Given entries Block Start

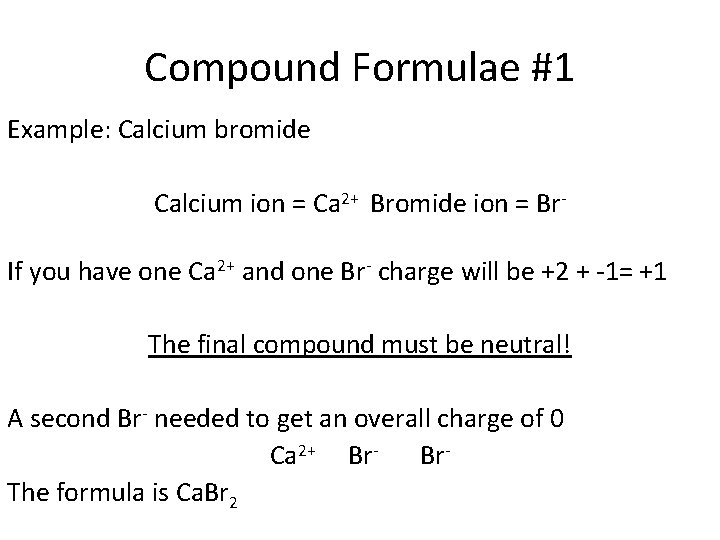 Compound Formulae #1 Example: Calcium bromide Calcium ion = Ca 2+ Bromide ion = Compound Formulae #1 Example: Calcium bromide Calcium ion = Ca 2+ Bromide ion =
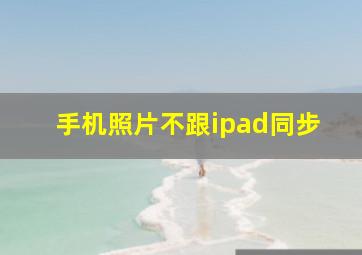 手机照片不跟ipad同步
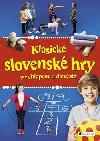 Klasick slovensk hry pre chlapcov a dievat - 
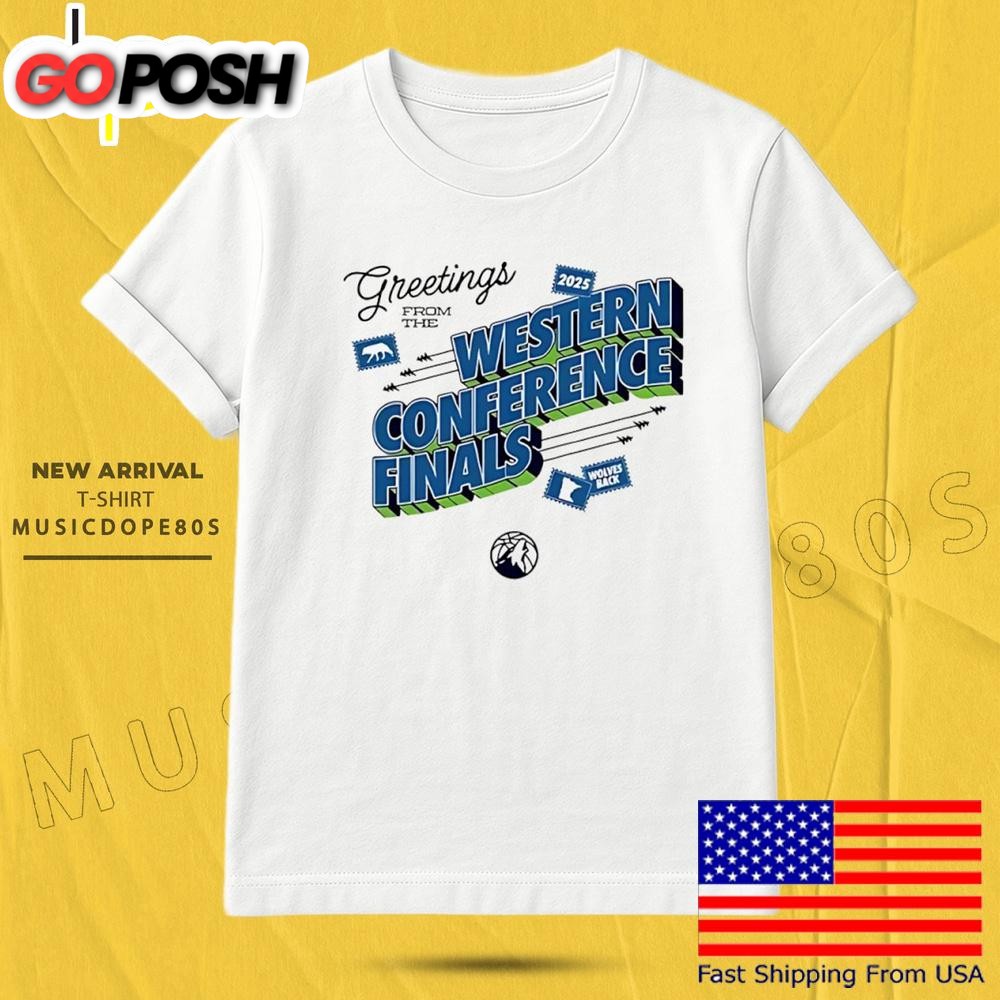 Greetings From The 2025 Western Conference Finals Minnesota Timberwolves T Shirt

Given entries Block End
Given entries Block Start

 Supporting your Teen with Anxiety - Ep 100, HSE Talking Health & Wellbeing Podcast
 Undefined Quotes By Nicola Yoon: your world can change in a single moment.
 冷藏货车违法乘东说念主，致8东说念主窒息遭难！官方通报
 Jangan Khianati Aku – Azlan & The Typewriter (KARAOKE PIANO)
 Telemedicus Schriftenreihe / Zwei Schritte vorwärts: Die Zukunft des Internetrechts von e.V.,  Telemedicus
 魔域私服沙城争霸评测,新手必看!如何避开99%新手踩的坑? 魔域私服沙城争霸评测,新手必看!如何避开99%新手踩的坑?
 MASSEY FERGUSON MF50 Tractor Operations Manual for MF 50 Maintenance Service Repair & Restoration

Given entries Block End
Given entries Block Start

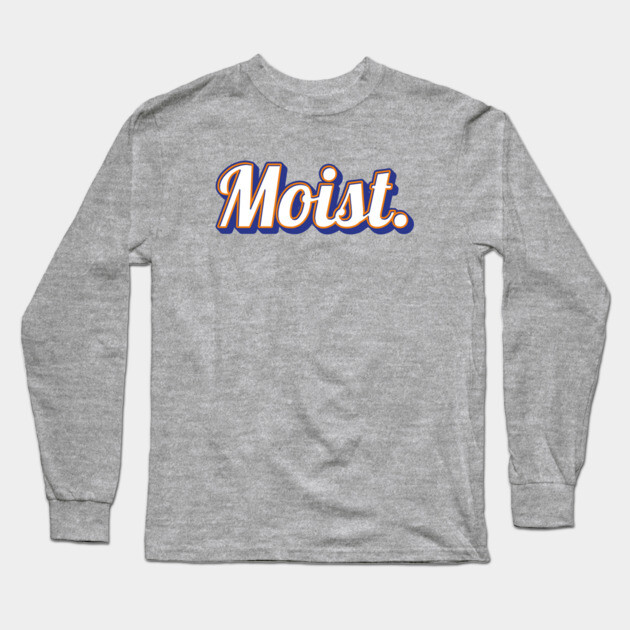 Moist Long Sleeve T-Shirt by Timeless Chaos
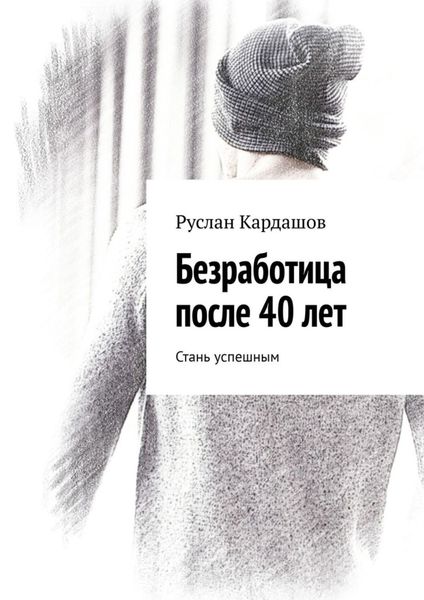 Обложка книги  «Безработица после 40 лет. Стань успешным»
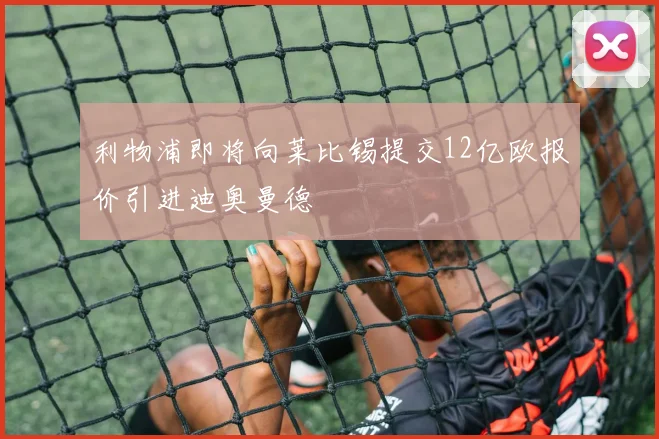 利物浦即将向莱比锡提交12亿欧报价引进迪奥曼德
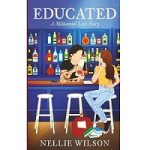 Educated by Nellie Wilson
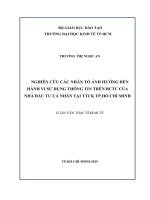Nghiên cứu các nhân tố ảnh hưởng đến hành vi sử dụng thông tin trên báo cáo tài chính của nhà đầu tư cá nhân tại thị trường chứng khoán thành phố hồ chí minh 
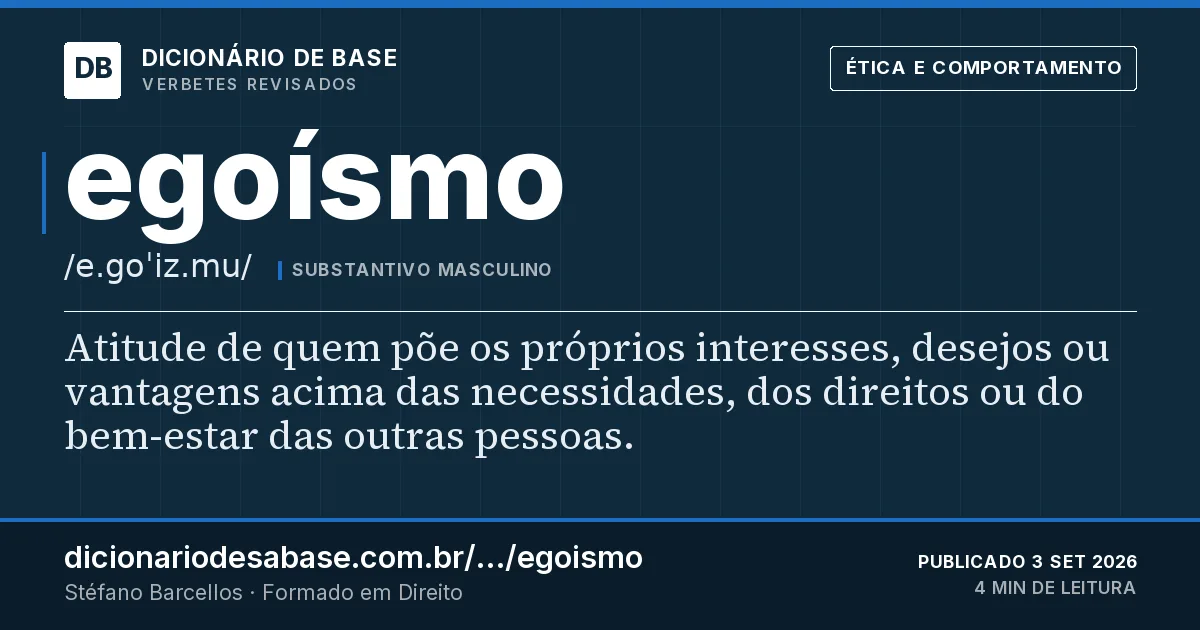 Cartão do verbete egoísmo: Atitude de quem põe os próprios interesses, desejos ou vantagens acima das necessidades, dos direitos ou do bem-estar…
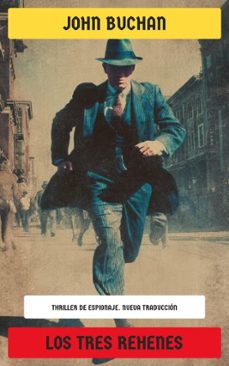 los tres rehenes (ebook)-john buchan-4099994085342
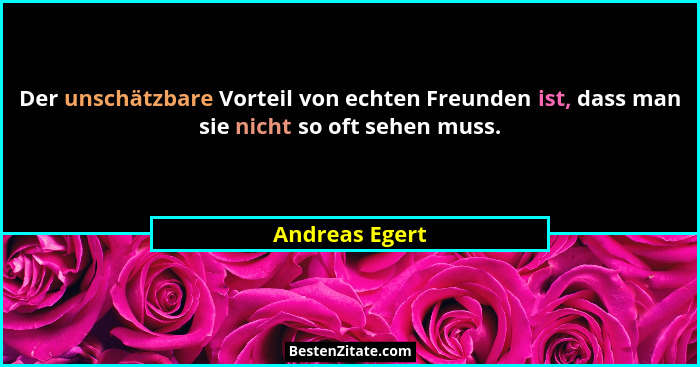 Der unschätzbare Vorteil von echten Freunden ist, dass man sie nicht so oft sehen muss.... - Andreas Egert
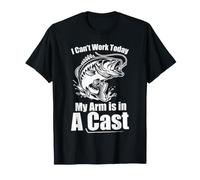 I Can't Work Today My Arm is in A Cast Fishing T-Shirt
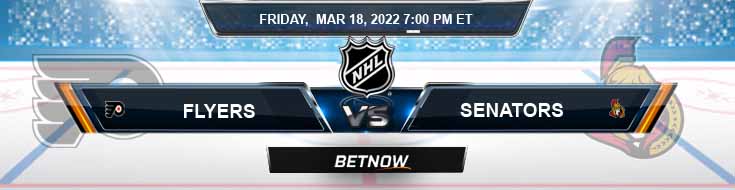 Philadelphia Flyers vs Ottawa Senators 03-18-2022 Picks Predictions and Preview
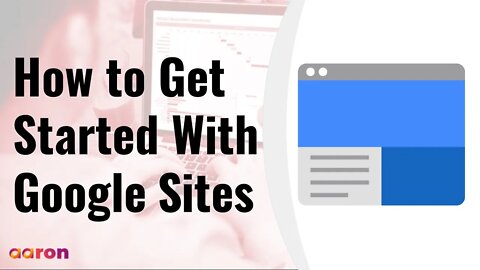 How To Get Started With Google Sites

Given entries Block End

Exercise instructions. From the line containing "ion = Compound" through the line containing "Klasick slovensk hry", copy every line above exactly, without pictures.

Response for this exercise.
 Compound Formulae #1 Example: Calcium bromide Calcium ion = Ca 2+ Bromide ion = Compound Formulae #1 Example: Calcium bromide Calcium ion = Ca 2+ Bromide ion =
 手机照片不跟ipad同步
 Klasick slovensk hry pre chlapcov a dievat - 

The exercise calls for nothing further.